Endpoint Sprawl Raises Security Risks

The explosion of endpoint devices is making it even more challenging for IT departments and security teams to obtain both visibility and control over these devices. According to a new report from Ponemon Institute sponsored by endpoint management provider Adaptiva, the typical enterprise manages a whopping 135,000 endpoint devices.

Almost half (48%) of those enterprise devices are not detected by the IT department or the device’s software is outdated. Either way, the situation creates tremendous risk. The survey behind the report, Managing Risks and Costs at the Edge, is based on responses from 629 IT and IT security practitioners and found that lack of visibility to be the most significant barrier to effective endpoint security at 63% of organizations, more prominently than lack of in-house expertise (45%), attacks against older vulnerabilities (44%) and lack of team ability to secure devices at speed and scale (42%).

Respondents believed the most significant threats to their endpoints include ransomware (48%), zero-day attacks (45%), DDoS (45%), credential theft (39%) and distribution point sprawl (34%).

Successful attacks are coming through enterprise email (41%), APIs (36%), software update/patching (35%) and via website (21%).
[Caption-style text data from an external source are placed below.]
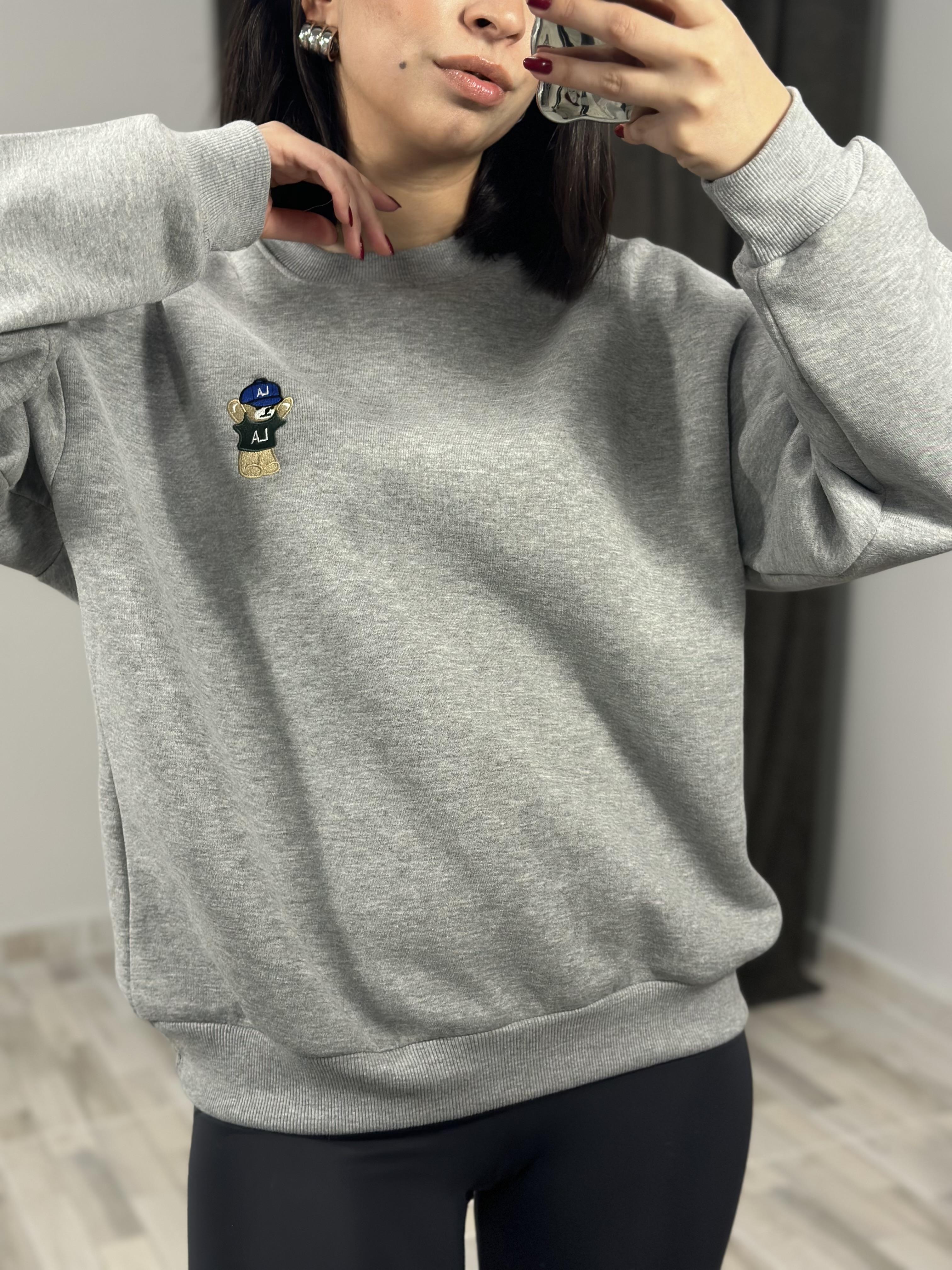 241003 AYICIKLI SWEAT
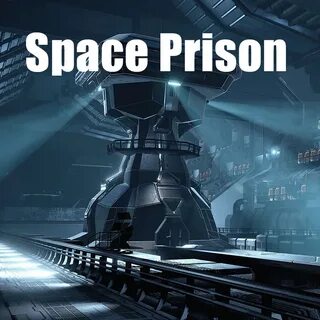 Space prison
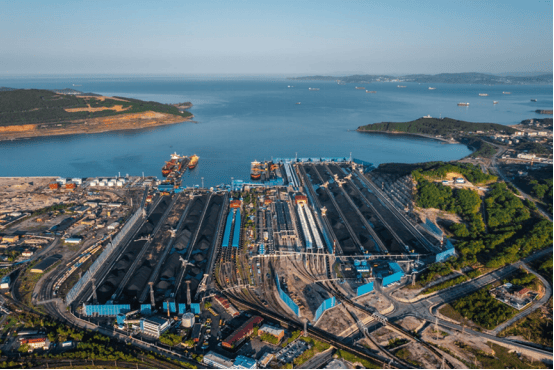 俄罗斯东方港VOSTOCHNY,海参崴VLADIVOSTOK海运服务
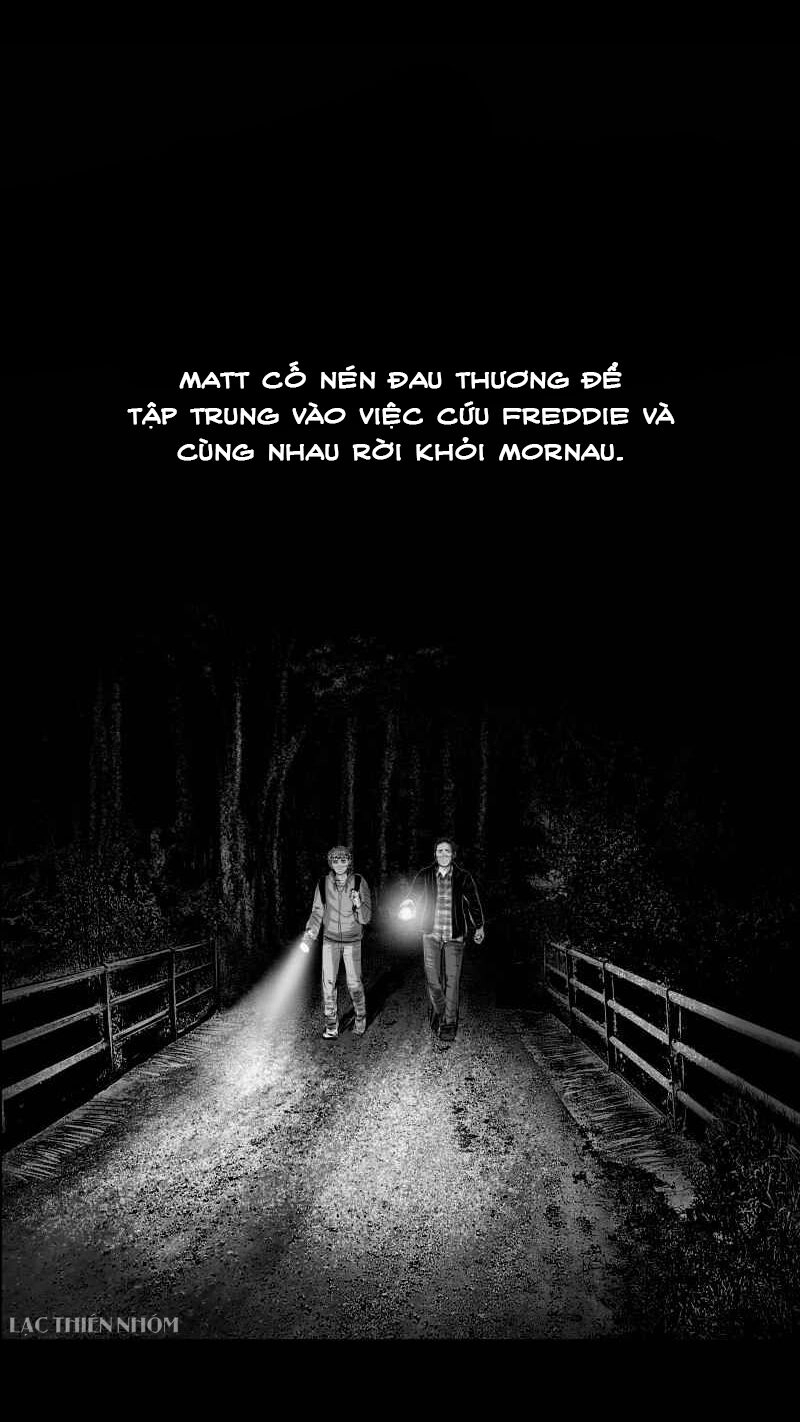 Liệu Pháp Của Melvina Chapter 27 - 3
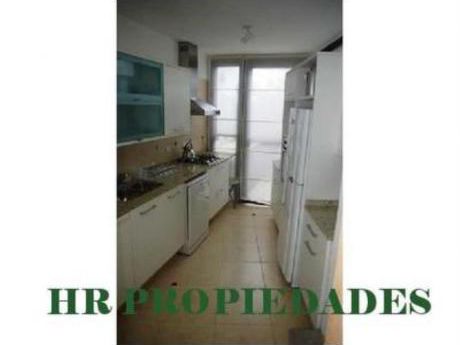 Apartamentos En Montoya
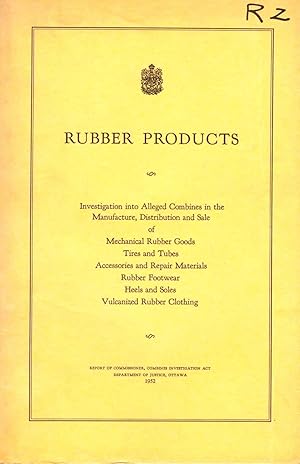 Rubber Products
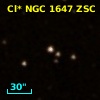 Cl* NGC 1647    ZSC    1151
It’s the lack of automation and reaching endpoints that are creating the most challenges with endpoint patching, the report found. Interestingly, only 36% of respondents said they are highly effective at performing endpoint maintenance without significant downtime and loss and only 35% are highly effective at maintaining endpoint regulatory compliance.

Most respondents believe that their risks are rising. In the past two years, 63% say it’s more important than ever to detect and prevent attacks that target their endpoints, and 49% said that the remote work trend is making such detection and prevention more difficult.

These increased risks aren’t due to a lack of effort on organizations’ parts, either. The average annual IT budget for organizations represented in the survey is $184.4 million; respondents claimed that 25% of the IT budget is allocated to IT security and an average of 20% is allocated to endpoint management. Still, only 24% said the budget is more than adequate.

Endpoint protection is costly, with an annual average cost of $4.2 million, which breaks down to $31.50 per endpoint spent on endpoint management. An average of $507,250 is spent annually on the IT and IT security help desk and 30% of that budget, on average, is spent annually on endpoint issues.

That budget is broken down as follows, according to the survey: Responding to breaches or failures (25%), delivering security updates (25%), distributing software to clients (19%), compliance (19%), and managing content distribution points (12%).

In the past twelve months, 54% of respondents said their organizations suffered five successful attacks on their organizations’ endpoints. The average cost of those attacks reached $1.8 million annually, or $360,000 per attack. Respondents believe that implementing automation could cut those costs by an average of 25% annually.

To address these threats, organizations need more and better visibility, a more efficient patch management process and a stronger awareness of the potential impacts of endpoint-related threats.